Une minorité continue cependant courageusement à porter haut l’étendard de la polonité et de l’amitié franco-polonaise, revendiquant comme une richesse sa biculturalité. Aujourd’hui les salons gastronomiques ou les prestations des troupes folkloriques (Culture et Tradition de Courcelles-lès-Lens, Polonia Douai), attirent toujours autant. Et les églises polonaises séduisent désormais une clientèle française de souche !

Des pistes de réflexion

Alors la polonité a t-elle un avenir ? D’aucuns se l’imaginent... Émergence d’une « maison commune » à l’ensemble de la communauté franco-polonaise du Nord-Pas-de-Calais, unification d’un mouvement associatif aujourd’hui extrêmement émietté et divisé, création d’un éco-musée de la Polonia... A l’occasion de ce centenaire (lire : il y a cent ans, l’arrivée des Polonais dans le Nord et le Pas-de-Calais), des pistes sont avancées pour le garantir. Et Pierre Frackowiak d’appeler de ses vœux la constitution « d’une fédération culturelle, d’un vaste mouvement d’éducation populaire, démocratique, ouvert, sans exclusive, qui se doterait d’outils de communication commun ».

La relève assurée ?

Marie Delplace est de la 4e génération d’immigrés polonais. A la mi-mai à Marles-les-Mines, à l’occasion des festivités liées au centenaire de l’arrivée massive des Polonais en France, elle avait revêtu ses plus beaux habits folkloriques polonais pour une prestation, avec les danseuses de la « section expression » de l’AEP Millenium. Pour cette lycéenne de 15 ans, il « est important de préserver ces traditions ». Attachée à ses racines, elle avoue cependant ne pas parler la langue de Mickiewicz.

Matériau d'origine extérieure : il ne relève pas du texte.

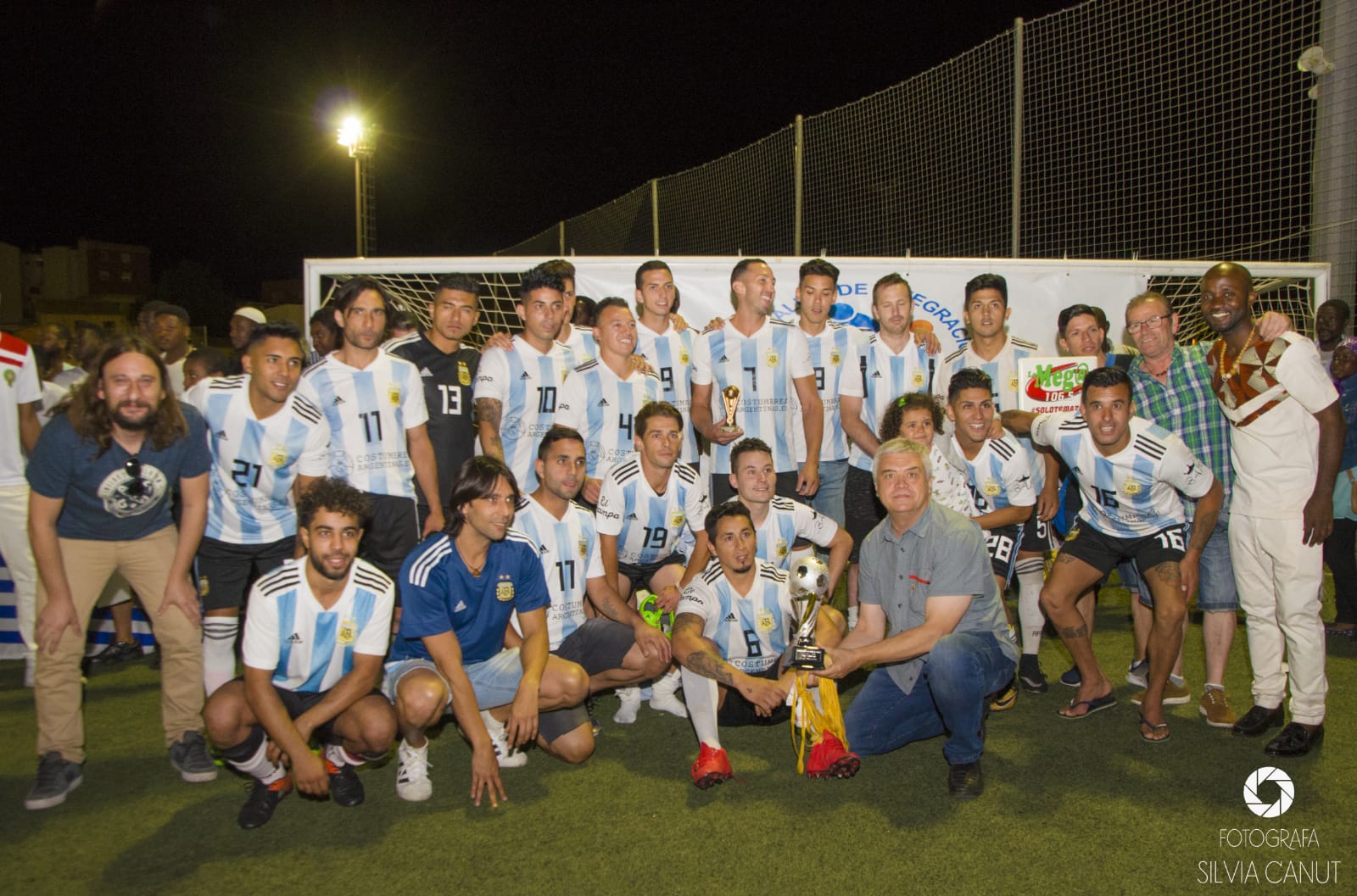 Argentina: Subcampeones Senior del X Mundialito Integración Zaragoza 2018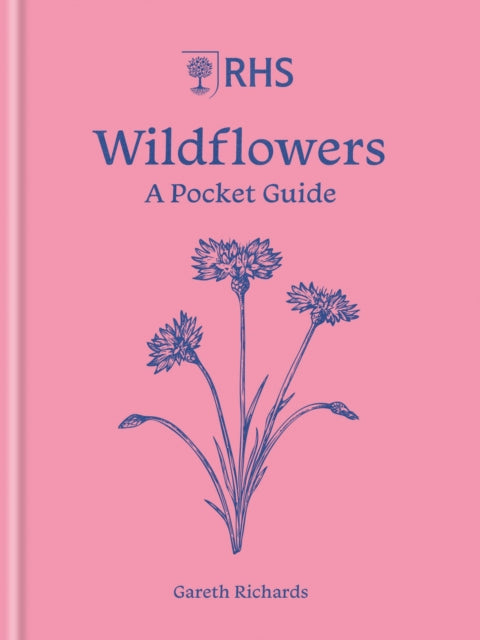 RHS Pocket Guides Wildflowers cover
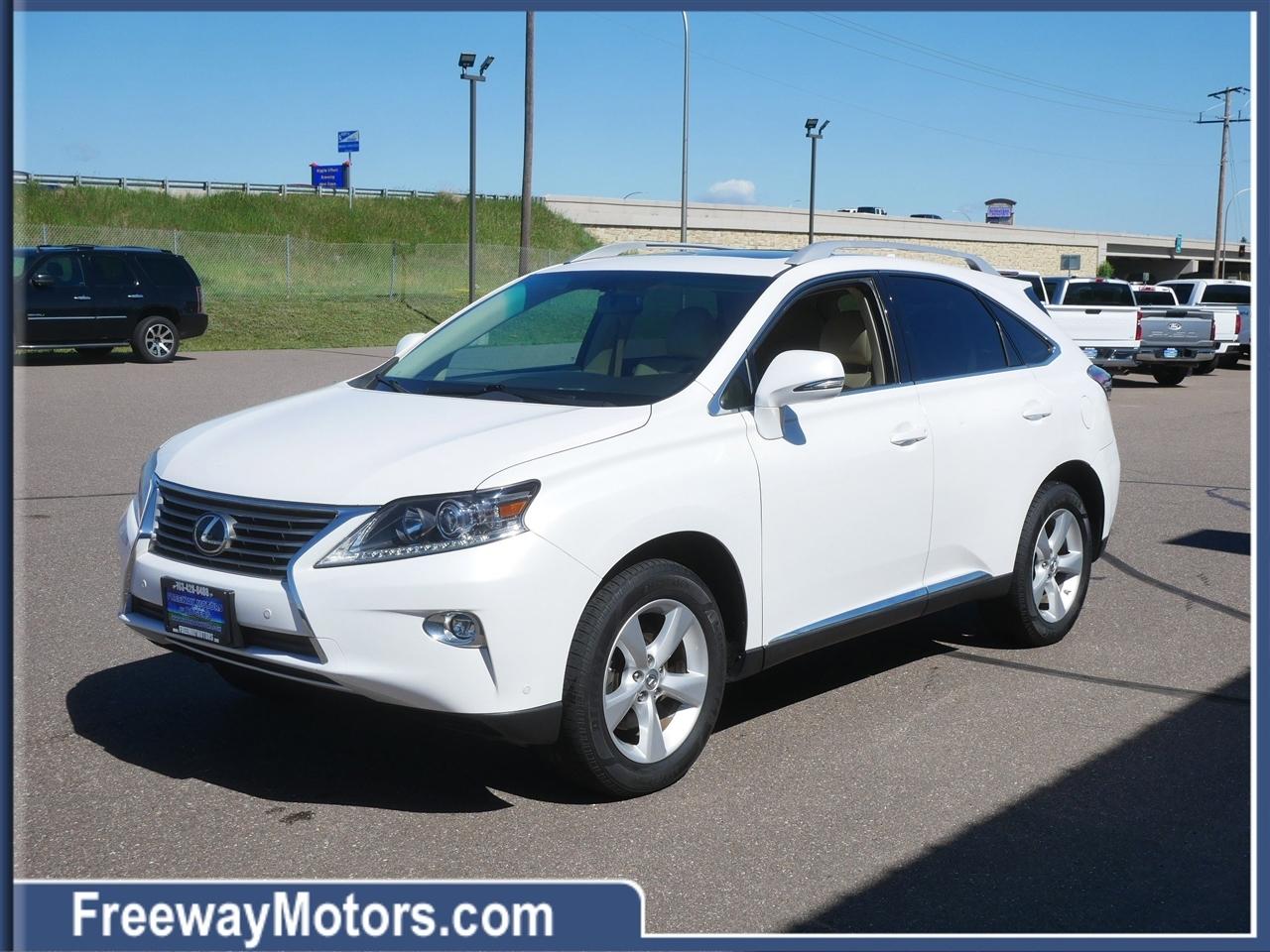 Lexus RX 350 AWD 4dr F Sport 2015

« Plus jeune, ma grand-mère m’a poussée à l’apprendre, mais j’ai arrêté. Je sais toutefois compter jusqu’à dix » , sourit-elle. Lors des anniversaires, elle entonne aussi volontiers le Sto Lat (Cent Ans) de circonstance. Marie s’est rendue une fois en Pologne du côté de Zakopane, en compagnie de sa grand-mère justement, dont les propres parents étaient originaires de Poznanie. Elle aimerait d’ailleurs « bien retourner dans ce pays qui, d’après ce qu’on m’a dit, aurait beaucoup changé ces dernières années ».

Même son de cloche du côté de Louise Kolodziejski, 31 ans, qui apprécierait se rendre « dans ce pays pour la première fois ». Salariée au Louvre Lens, Louise comprend « quelques mots de polonais ». La polonité ? « Ça fait partie de moi. J’aime l’ambiance qui règne chez les Polonais, le sens de la fête, la gastronomie, la musique », explique t-elle. Et Louise de se féliciter « de célébrer Pâques ou Noël, en famille, en se rendant à la messe de minuit à l’église Saint-Stanislas avec mes sœurs notamment, qui reviennent exprès de Paris pour l’occasion ».